(Data begins)
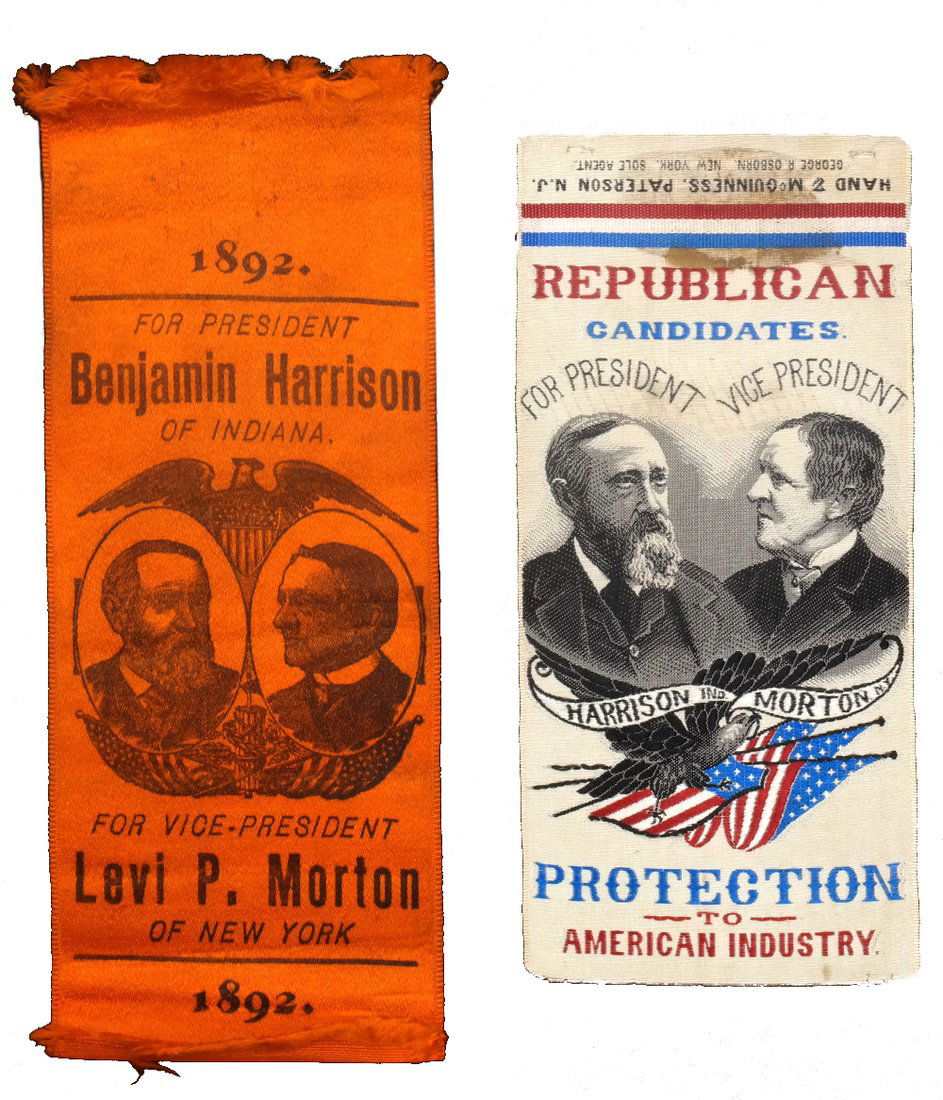 B. Harrison & L.P. Morton Two 1892 Campaign Jugate (1 of 10)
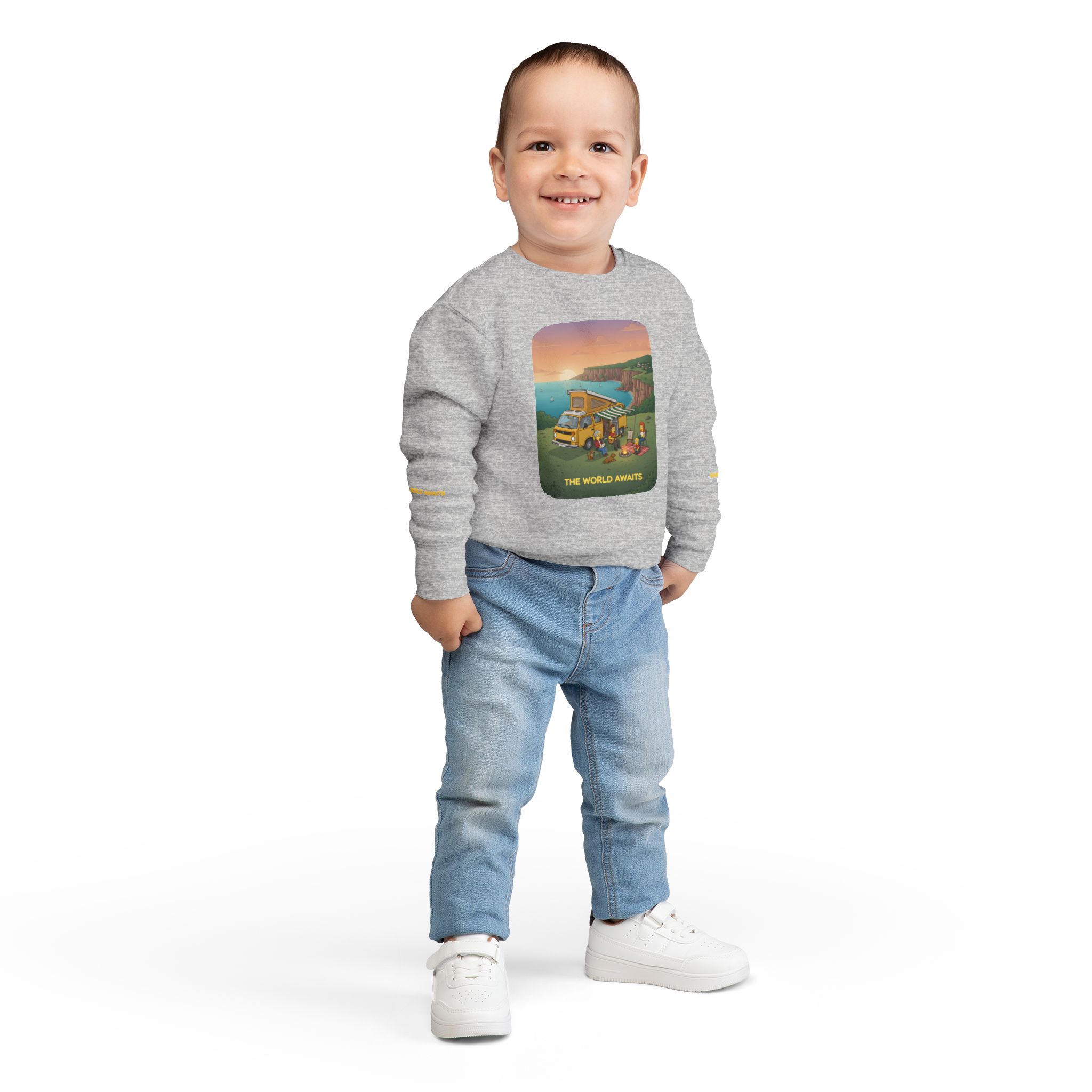 Toddler Sweatshirt - "The World Awaits" (Design Sitcom-Line)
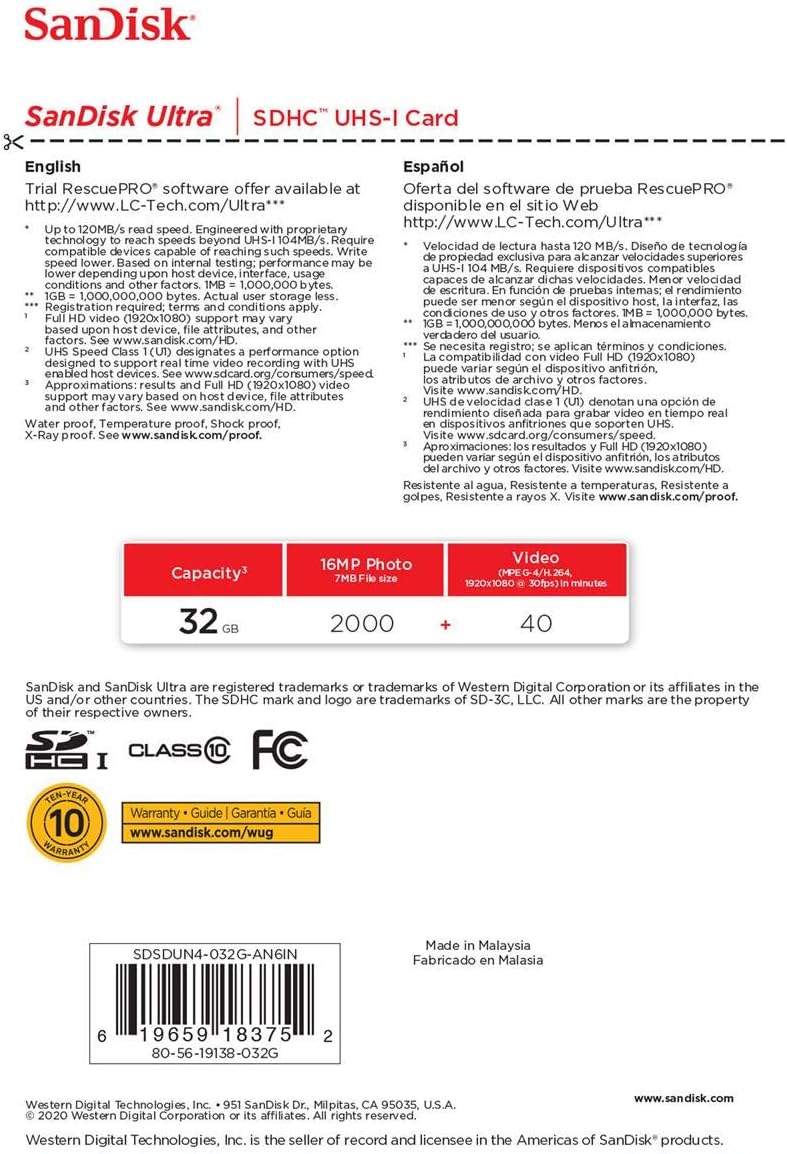 SanDisk 32GB Ultra UHS-I Class 10 U1 SDHC Memory Card, 120MB/s Read, 10MB/s Write : Electronics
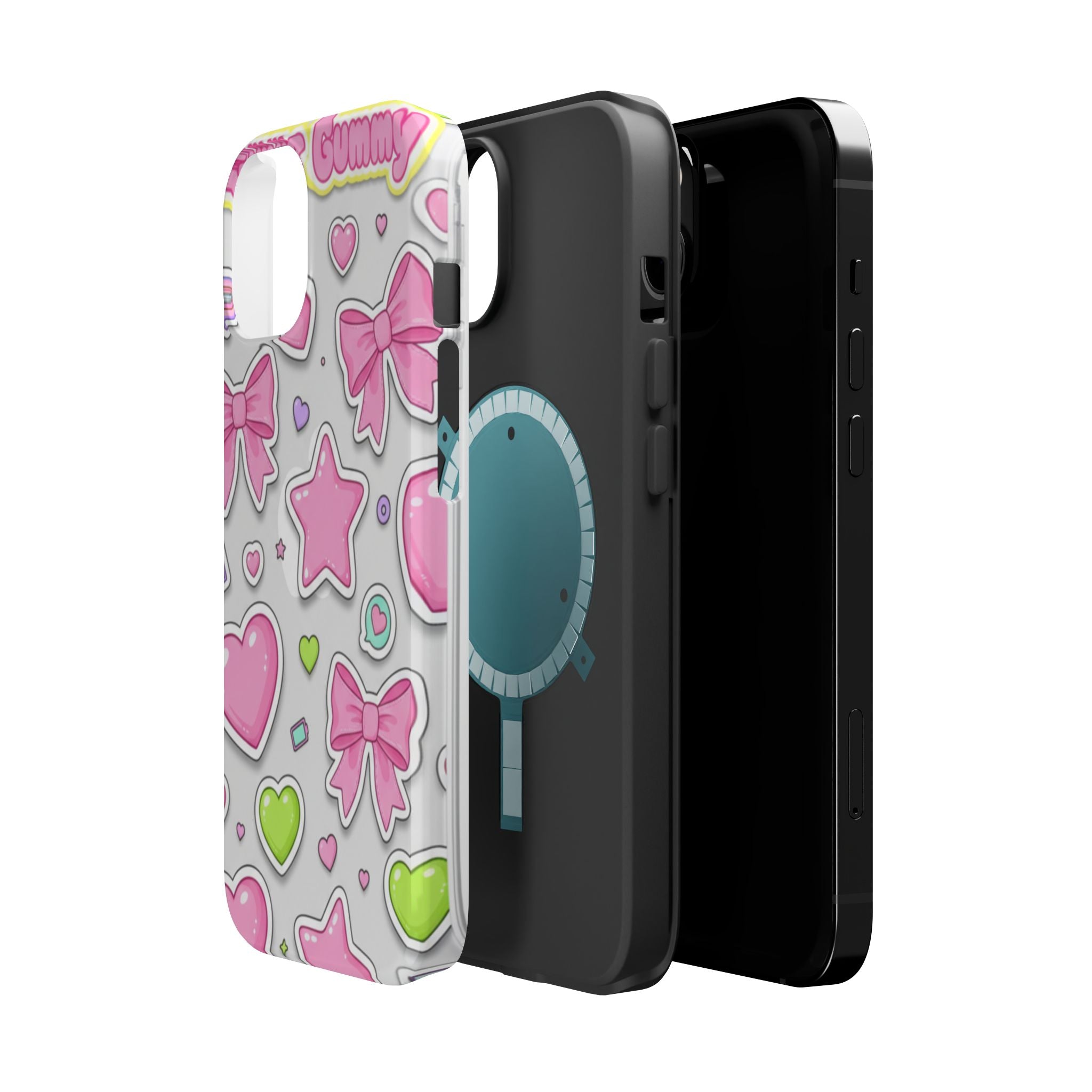 Gimme Gummy Pastel Phone Case — Pink Bows & Lime Hearts Y2K Design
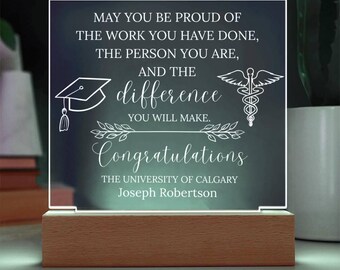 Personalized Nursing Graduation Gift Acrylic Plaque, Nursing School Graduate, Pinning Ceremony, Medical Graduation, New Nurse Gifts, RN Grad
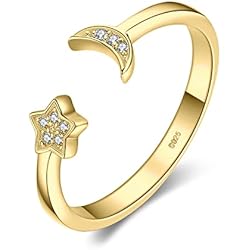 Anillos Dorados Baratos JewelryPalace Ajustable Luna y Estrella Anillo Mujer Plata de Ley 925 Oro 14k, Anillo Abierto Sencillo Lindo Circonita, Anillo Niña Elegante Piedra Preciosa, Regalo Anillo Promesa Joyas de Mujer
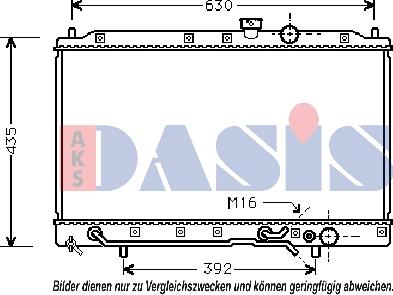 AKS Dasis 140054N - Радиатор, охлаждане на двигателя vvparts.bg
(Data ends)
• **About this task**
Output the lines, exactly: the first line of the entries above, every line after it, and the line with "Anillos Dorados Baratos" as the last. No pictures.

• **Finished task**
 B. Harrison & L.P. Morton Two 1892 Campaign Jugate (1 of 10)
 Toddler Sweatshirt - "The World Awaits" (Design Sitcom-Line)
 SanDisk 32GB Ultra UHS-I Class 10 U1 SDHC Memory Card, 120MB/s Read, 10MB/s Write : Electronics
 Gimme Gummy Pastel Phone Case — Pink Bows & Lime Hearts Y2K Design
 Personalized Nursing Graduation Gift Acrylic Plaque, Nursing School Graduate, Pinning Ceremony, Medical Graduation, New Nurse Gifts, RN Grad
 Anillos Dorados Baratos JewelryPalace Ajustable Luna y Estrella Anillo Mujer Plata de Ley 925 Oro 14k, Anillo Abierto Sencillo Lindo Circonita, Anillo Niña Elegante Piedra Preciosa, Regalo Anillo Promesa Joyas de Mujer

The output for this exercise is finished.